*** DATA SHOWN Section Begins ***
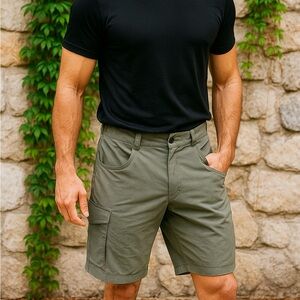 PERFORMANCE Olive Cargo-Style Padded Biking Shorts, M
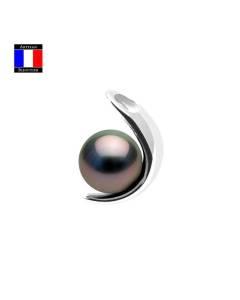Compagnie Générale des Perles - Pendentif Croissant Véritable Perle de Tahiti Ronde 9-10 mm Or Blanc 18 Cts - Bijou Femme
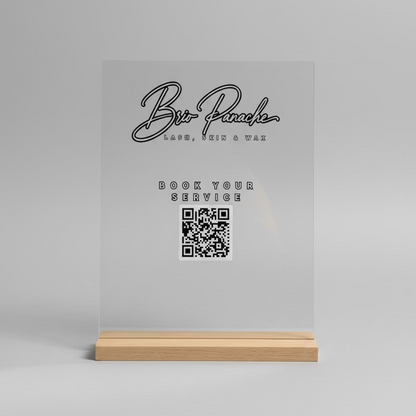 Custom Acrylic QR Code Business Sign | Multi QR Scan to Pay Display | Vendor Markets, Boutiques & Small Businesses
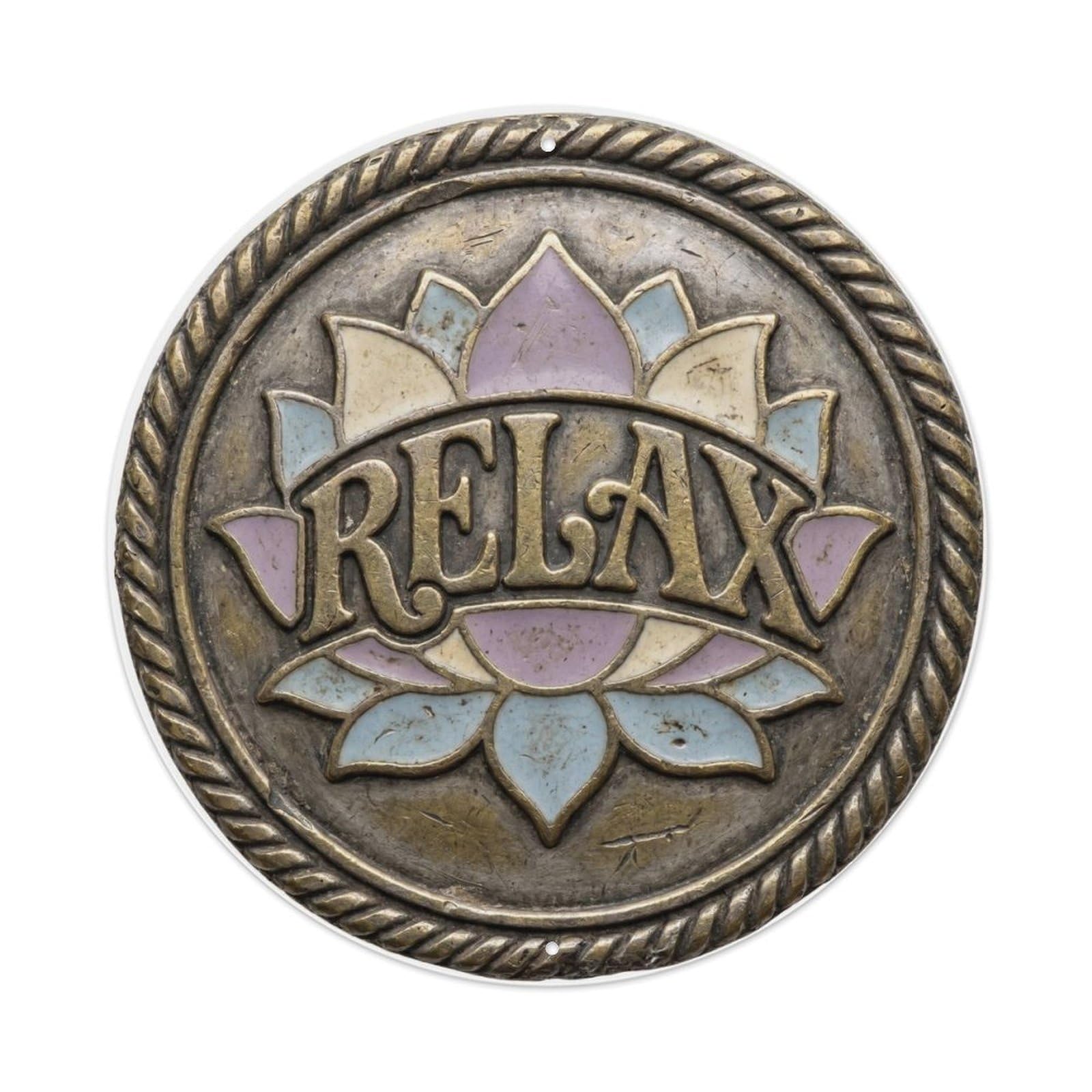 Relax Vintage Workshop Accessory Retro Slogans Metal Tin Sign Plaque Wall Decor for Cafe, Club Bar, Office, Home Garden Round Metal Poster 8x8Inch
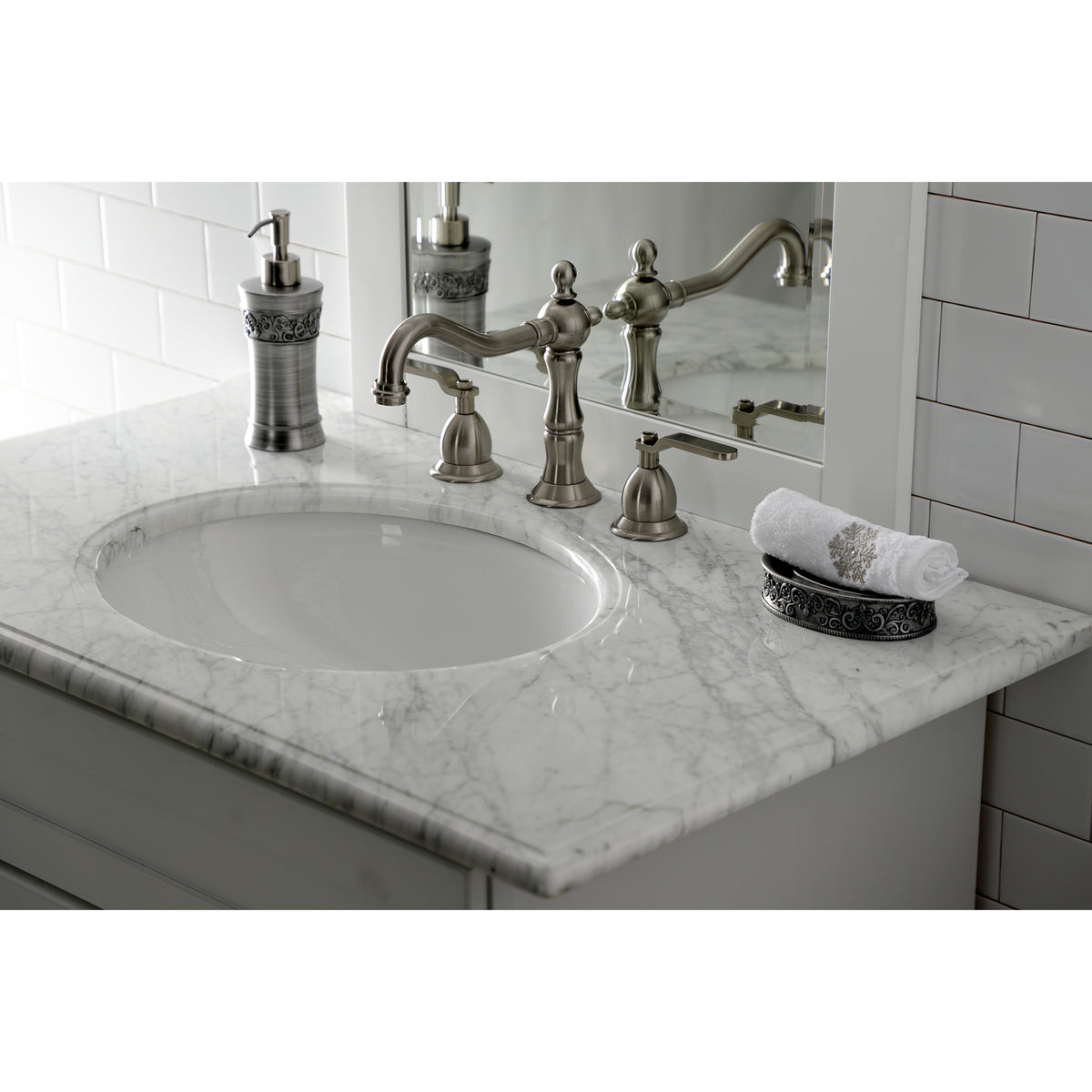 Kingston Brass KS1970KL Whitaker Widespread Bathroom Faucet with Brass Pop-Up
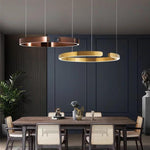Open Ring Shaped LED Electroplated Modern Pendant Light Island Lights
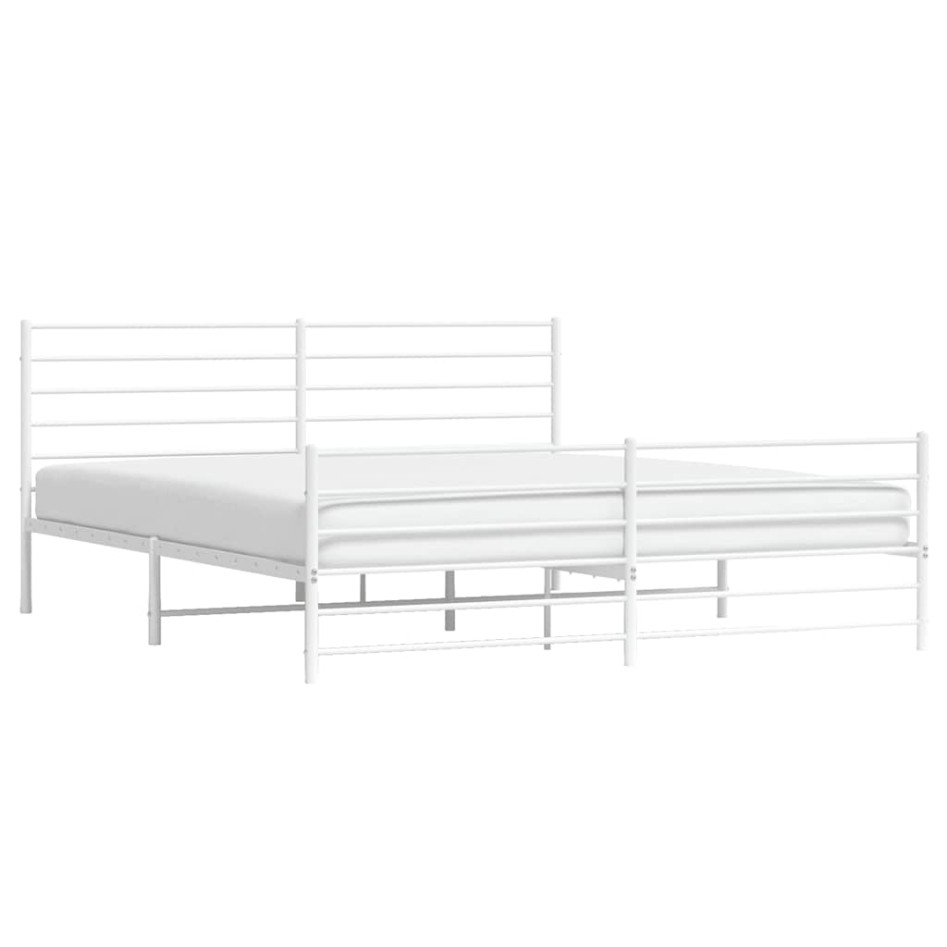 Estructura cama sin colchón con estribo metal blanco 183x213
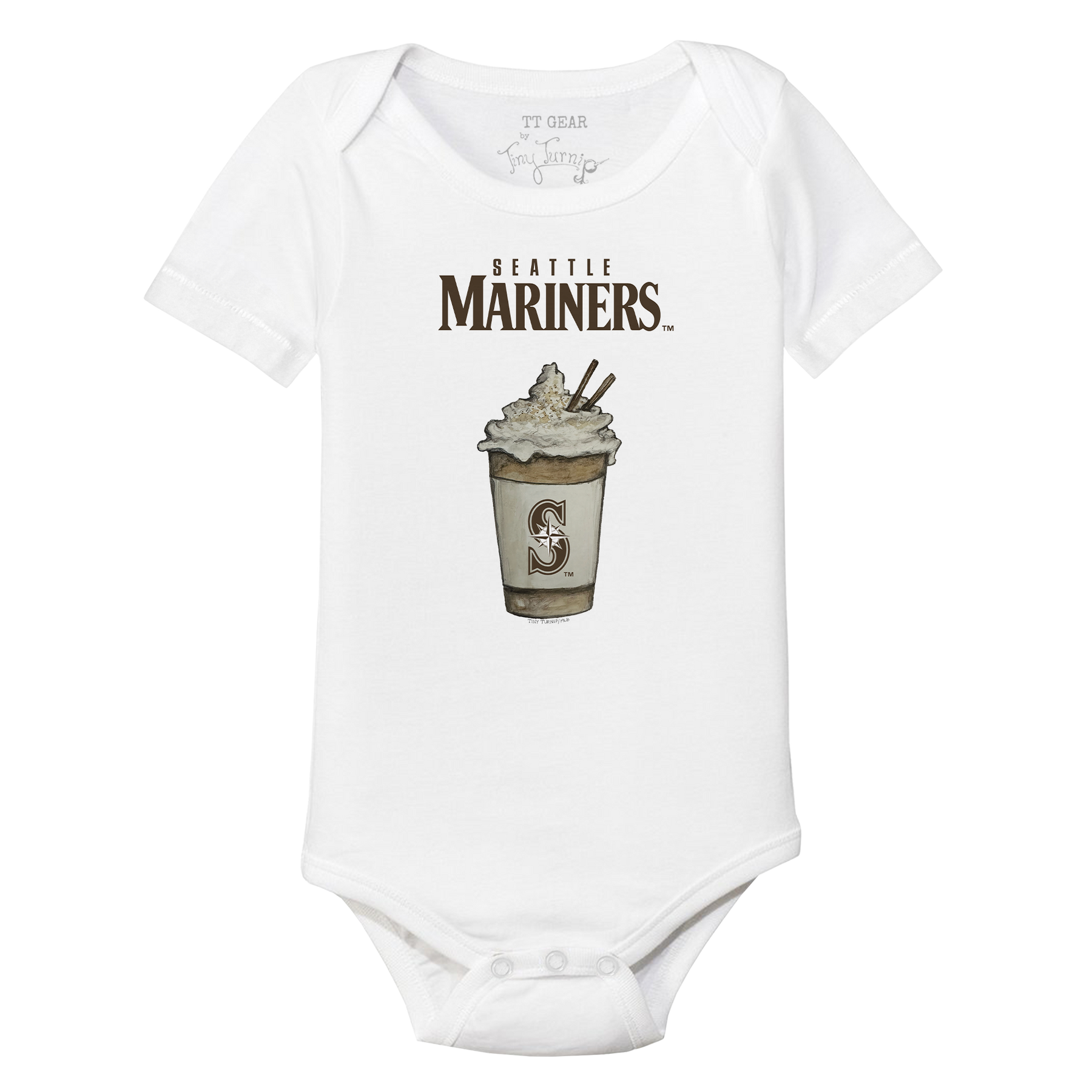 Seattle Mariners Latte Short Sleeve Snapper
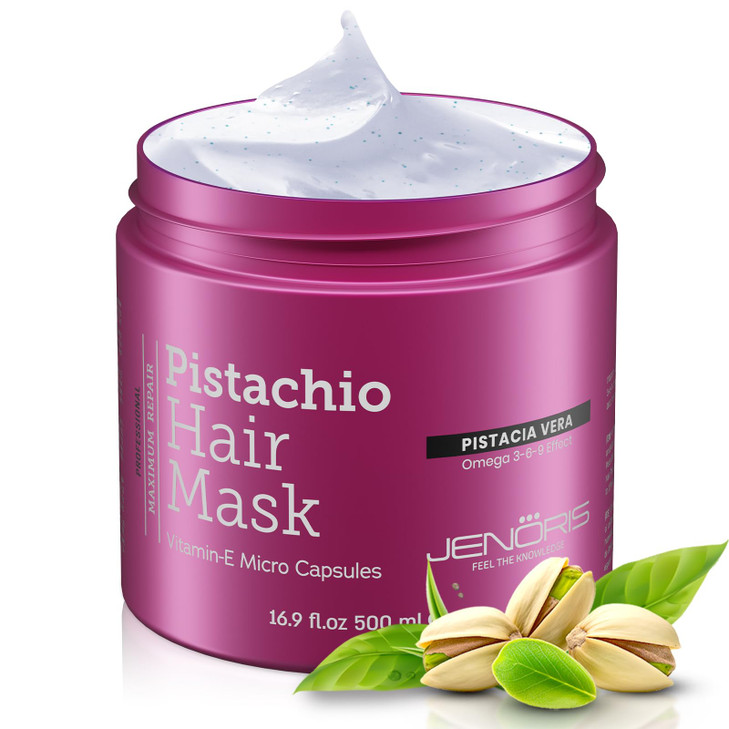 Jenoris Pistachio Hair Mask for Dry Damaged Hair  Deep Conditioning Hair Mask Treatment with Pistachio Oil & Vitamin E, For Color-Treated Hair, For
*** DATA SHOWN Section Ends ***
** WHAT YOU ARE ASKED TO DO **
Please retype exactly the lines from the one containing "Custom Acrylic QR" through the last line of the records, both included, leaving out every picture.

** TASK RESULT **
 Custom Acrylic QR Code Business Sign | Multi QR Scan to Pay Display | Vendor Markets, Boutiques & Small Businesses
 Relax Vintage Workshop Accessory Retro Slogans Metal Tin Sign Plaque Wall Decor for Cafe, Club Bar, Office, Home Garden Round Metal Poster 8x8Inch
 Kingston Brass KS1970KL Whitaker Widespread Bathroom Faucet with Brass Pop-Up
Open Ring Shaped LED Electroplated Modern Pendant Light Island Lights
 Estructura cama sin colchón con estribo metal blanco 183x213
 Seattle Mariners Latte Short Sleeve Snapper
 Jenoris Pistachio Hair Mask for Dry Damaged Hair  Deep Conditioning Hair Mask Treatment with Pistachio Oil & Vitamin E, For Color-Treated Hair, For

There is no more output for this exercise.